Boulder, CO is the home of the used--used books, gear, and bicycles. Even recycled inner tubes from old bicycle wheels (they make handy wallets, turns out).  Climbing shoes are valued for the thick layer of chalk they accumulate, and nothing rides better than a bike constructed of refurbished parts.  Some who knew me growing up may be surprised that I left my shiny career in New York City’s publishing industry for such rough-edged stomping grounds.

I have always been a lover of the new, the modern.  Growing up in a wealthy New York City suburb, I “ooed” and “ahhed” as mansions with great mahogany doors and high, vaulted roofs passed by my mini-van window.  I yearned to someday own the treasure beyond those wrought-iron security gates and freshly mowed acres of manicured bushes and mulched trees.  Perfection lay in the polish of the untouched and unlived.

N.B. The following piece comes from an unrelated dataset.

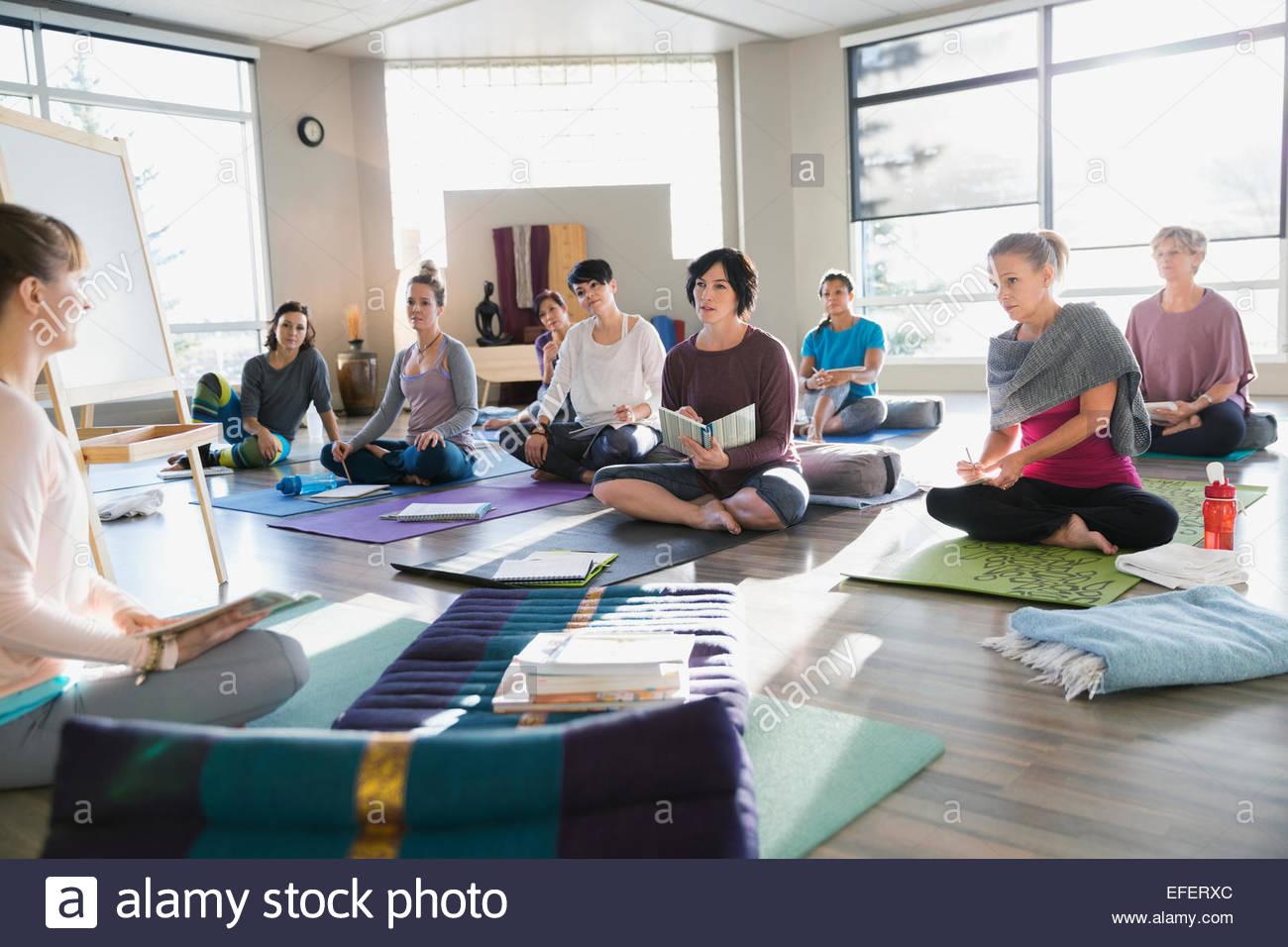 Les femmes avec des journaux à la retraite de yoga réparatrice Banque D'Images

It was my little brother who changed all that.

A couple of years ago, I did laundry.  This was no ordinary load of laundry.  This load, also contained my brand new Swiss Army pocketknife.  The knife was a shiny black, instead of red, (everyone has the red one) and contained every tool imaginable inside its pocket-sized frame—knife, screwdriver, corkscrew, bottle opener, nail file, scissors, you name it.  It was special, it was mine, and it was brand new.

As I pulled my clothes from the dryer, the knife fell out of the back pocket of my still-warm jeans , a sad shadow of its former self.  The shiny black coating had melted off in the wash, leaving the surface unpolished  and dappled with strange patches where the coating had oozed imperfectly off the black plastic underneath.  I was devastated.

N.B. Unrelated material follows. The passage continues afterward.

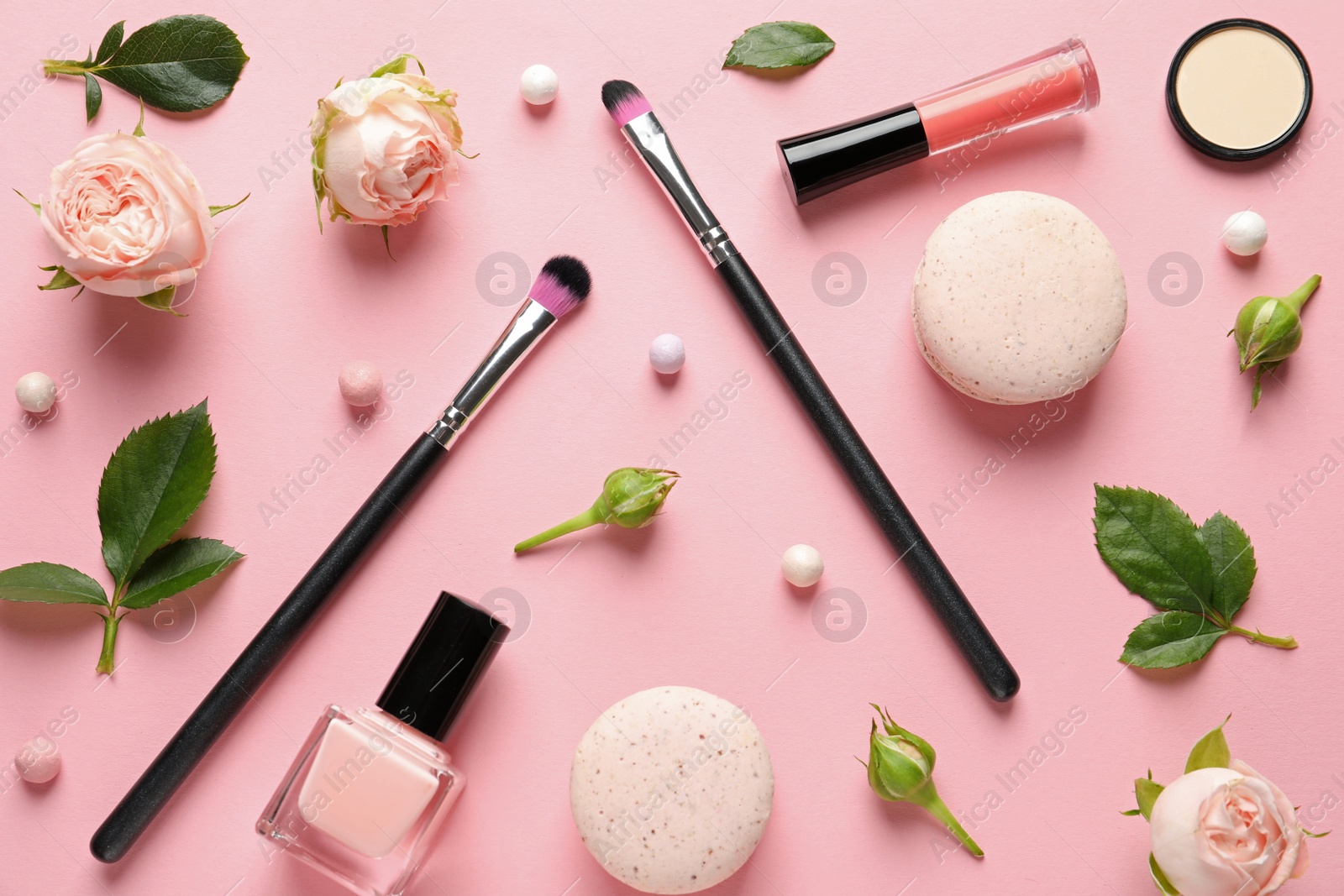 Photo of Flat lay composition with products for decorative makeup on pastel pink background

I brought the ruined knife upstairs, where my brother sat reading Plato (no joke) by the fire.  The look on my face was, I’m sure, unmistakable. Luke, one year younger, twice my size, and triple my wisdom. looked at me calmly with bespectacled eyes.  “What happened?” he asked.  Shamefully, I handed him the gruesome knife.

“It’s ruined,” I said, crossing my arms and staring vehemently at the crackling fire.

“What do you mean?”

“I put it through the wash by accident and now it’s ruined.  Unless there’s some way to fix it? Do you think?  Is there such thing as a Swiss Army store? Think they’d gimme a new one!?”  I looked at him desperately, filled with false hope.

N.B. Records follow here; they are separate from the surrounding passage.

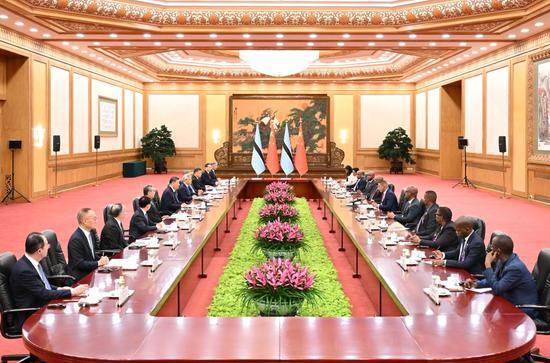 Chinese President Xi Jinping holds talks with Botswana's President Duma Gideon Boko, who is on a state visit to China, at the Great Hall of the People in Beijing, capital of China, Oct. 13, 2026. (Xinhua/Li Xiang)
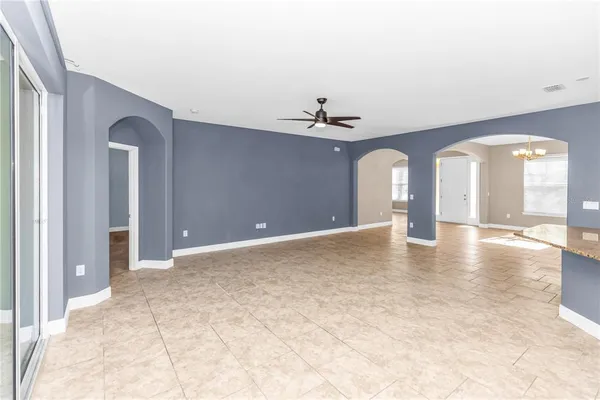 a view of a room with chandelier fan and glass door
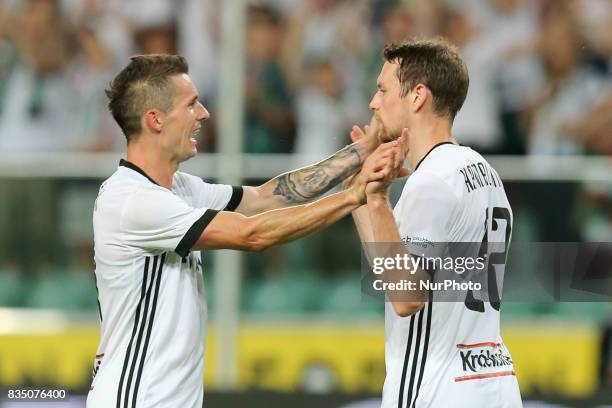 Krzysztof Maczynski , Kasper Hamalainen celebrate a score goal during match UEFA Europa League play-off, Legia Warsaw and FC Sheriff Tiraspol in...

“A new one?  Are you kidding me?  I’d give anything for this knife!”  I was confused… Clearly, the knife was busted, ugly to the extreme.

“Does it still work?” He asked, pulling out all its various gadgets one by one and examining them carefully.

“Well, yeah, I guess…”

“It’s a perfectly good knife, Jackie,” he explained. “And it looks way cooler now, like you’ve had it for ages and used it every day.  It’s rugged!”

Rugged.  That was it.  The word that changed it all—the word that gave me permission to release my vanity in favor of authenticity—in favor of a life lived rather than a life desired.  In other words, knives ain’t for lookin’ at. Thanks, Luke.

So it comes as no surprise that my sexy New York job, with all its prestige and promise of pulsing lights and celebrities, didn’t quite work out.  Boulder, re-used, recycled, and re-purposed, is my new-old home.